PostgreSQL递归CTE向函数传递数据

3
我有以下问题:我正在尝试发现从源节点(node_s)到目标节点(node_t)的所有可能路径。
原始图边表的格式很简单:| node_x | node_y | strength |,其中“node_x” ->“node_y”是具有权重“weight”的直接边。
思路是,如果在探索路径的任何点上,我们发现其子节点中有目标node_t,则记录此路径并停止从此节点探索路径,否则继续探索。
简单的解决方案是使用PostgreSQL的递归CTE构建图的传递闭包:
  WITH RECURSIVE transitive_closure (source, target, weight, path_string) AS
  ( 
   --non-recurive term
   SELECT b.node_x, b.node_y, b.strength, b.node_x || '.' || b.node_y || '.' AS path_string
   FROM best_path b
   WHERE b.node_x = node_s --source_node

   UNION

   --recurive term
   SELECT tc.source, b.node_y, least(tc.weight,b.strength), tc.path_string || b.node_y || '.' AS path_string
   FROM best_path AS b JOIN transitive_closure AS tc ON b.node_x = tc.target
   WHERE tc.path_string NOT LIKE '%' || b.node_y || '.%'
  )
  SELECT * 
  FROM transitive_closure tc
  WHERE tc.target = node_t --target_node

上述代码将找出源节点node_s到所有可能路径。只有在传递闭包构建完成后,我才能从源节点选择到目标节点的所需路径行(请参见最后一个SELECT语句)。
示例:
best_path表具有以下数据:
 node_x | node_y | strength 
--------+--------+----------
      1 |      2 |        1
      1 |      3 |        1
      2 |      4 |        1
      2 |      5 |        1
      3 |      6 |        1
      3 |      7 |        1
      4 |      8 |        1
      4 |      9 |        1
      5 |     10 |        1
      5 |     11 |        1

查询:

查找从源节点=1到目标节点=4的路径

结果:

 source | target | strength | path_string
--------+--------+----------+------------
      1 |      2 |        1 | 1.2.
      1 |      3 |        1 | 1.3.
      1 |      4 |        1 | 1.2.4.
      1 |      5 |        1 | 1.2.5.
      1 |      6 |        1 | 1.3.6.
      1 |      7 |        1 | 1.3.7.
      1 |      8 |        1 | 1.2.4.8.
      1 |      9 |        1 | 1.2.4.9.
      1 |     10 |        1 | 1.2.5.10.
      1 |     11 |        1 | 1.2.5.11.

这不是我需要的。由于节点2到节点4(目标)已经有直接边了,所以我不需要路径1.2.5、1.2.4.8、1.2.4.9、1.2.5.10和1.2.5.11,当发现从2到4的路径时,对节点2的路径探索应该停止。
总之,如果节点已经有直接边连接目标节点,我不想发现该节点的路径。这意味着在CTE的递归术语中,我希望有一些条件来表示以下内容,伪代码如下:
  WITH RECURSIVE transitive_closure (source, target, weight, path_string) AS
  ( 
   --non-recurive term (as before)
   SELECT b.node_x, b.node_y, b.strength, b.node_x || '.' || b.node_y || '.' AS path_string
   FROM best_path b
   WHERE b.node_x = node_s --source_node

   UNION

   --recurive term
   SELECT tc.source, b.node_y, least(tc.weight,b.strength), tc.path_string || b.node_y || '.' AS path_string
   FROM best_path AS b JOIN transitive_closure AS tc ON b.node_x = tc.target
   WHERE tc.path_string NOT LIKE '%' || b.node_y || '.%'
     AND b.node_y = node_t 
     --will select only rows with direct edge to target

   UNION (second union is not allowed in CTE)

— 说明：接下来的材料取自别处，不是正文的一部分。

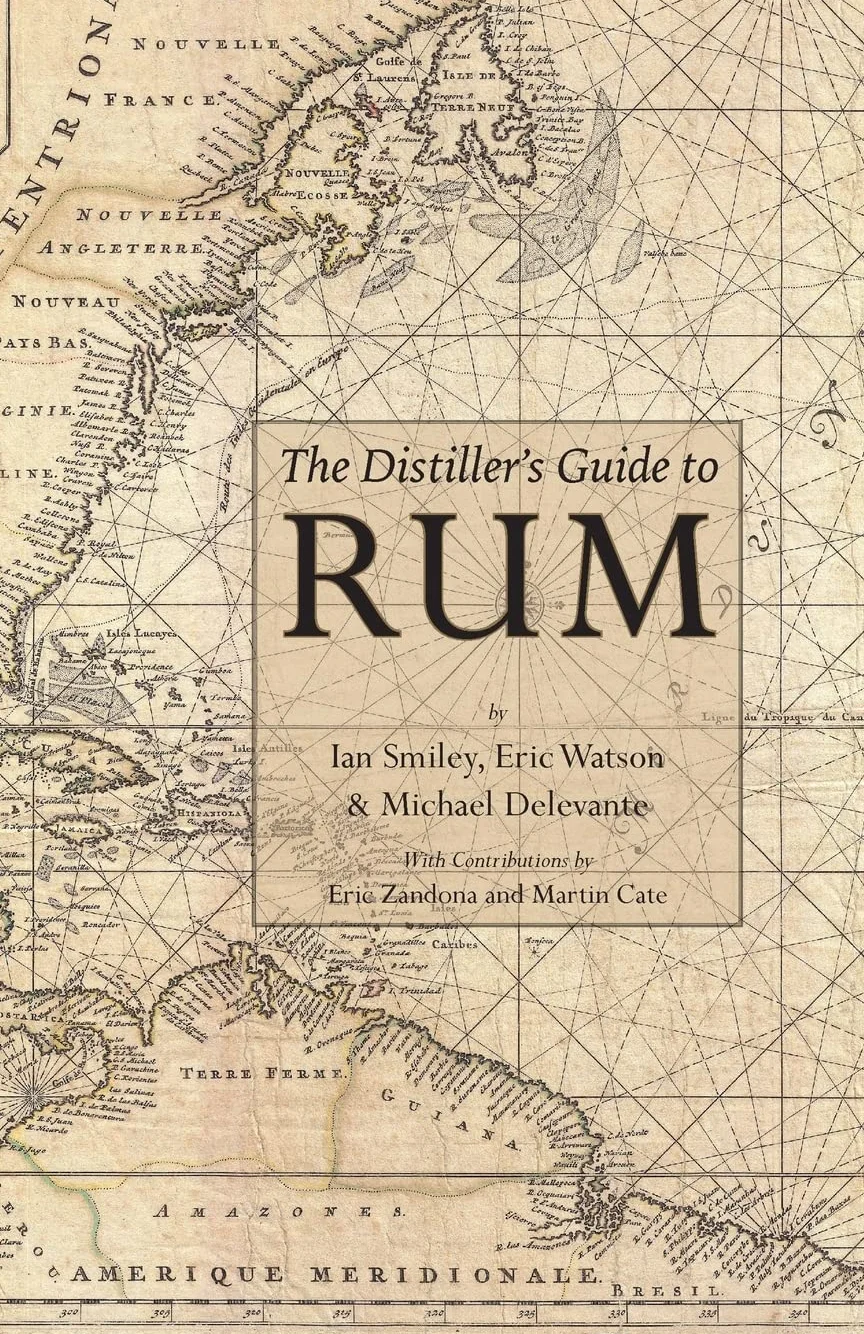 The Distiller's Guide to Rum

   SELECT those rows which do not have direct edge to target 
   AND which parents did not contribute to constructing the query above. 
   i.e. b.node_x = tc.target where there is no direct edge between b.node_x to node_t
  )

为了查询从源节点=1到目标节点=4的路径,我希望有以下内容:

 source | target | strength | path_string
--------+--------+----------+------------
      1 |      2 |        1 | 1.2.
      1 |      3 |        1 | 1.3.
      1 |      4 |        1 | 1.2.4.
      1 |      6 |        1 | 1.3.6.
      1 |      7 |        1 | 1.3.7.

感谢你的帮助!
我已经尝试了很多方法:例如在FROM / WHERE子句中使用条件,尝试将CTE传递到函数中,但是没有成功。
任何建议都将不胜感激。
我有自己的递归函数可以实现我想要的目标,但是在大量数据上非常缓慢;而PostgreSQL的CTE显然经过了良好的优化,因此我想更深入地研究它。

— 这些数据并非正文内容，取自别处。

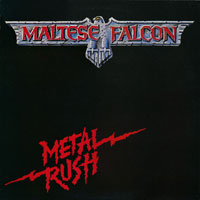 Maltese Falcon - Metal Rush CD, LP sleeve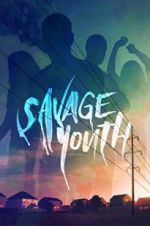 Watch Savage Youth Tvmuse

如果Source = 2且Target = 5,结果是什么?请在您的问题中附加它。我正在尝试完善这个查询:https://dev59.com/C2PVa4cB1Zd3GeqP4VDr#10395130 - Michael Buen
第一个CTE将输出不希望的结果: 2 - > 4(2.4.),2 - > 5(2.5.),2 - > 8(2.4.8.),2 - > 9(2.4.9.),2 - > 10(2.5 .10.),2 - > 11(2.5.11.)。期望输出是: 2 - > 5(2.5.) - aza07
@MichaelBuen 谢谢,目前正在测试,测试结果出来后会回来! - aza07
另一种查询优化方法,虽然不适用于其他数据库,但仅适用于Postgresql,它使用DISTINCT ON: https://dev59.com/C2PVa4cB1Zd3GeqP4VDr#10401572 - Michael Buen
4个回答

2

如果您从底部开始搜索路径,可以使搜索更加高效。从孩子节点开始搜索,而不是从父节点开始搜索。如果从父节点开始搜索,需要遍历所有的子节点;而如果从子节点开始搜索,它只有一个父节点,因此在查找源节点和目标节点之间的路径时不会浪费时间。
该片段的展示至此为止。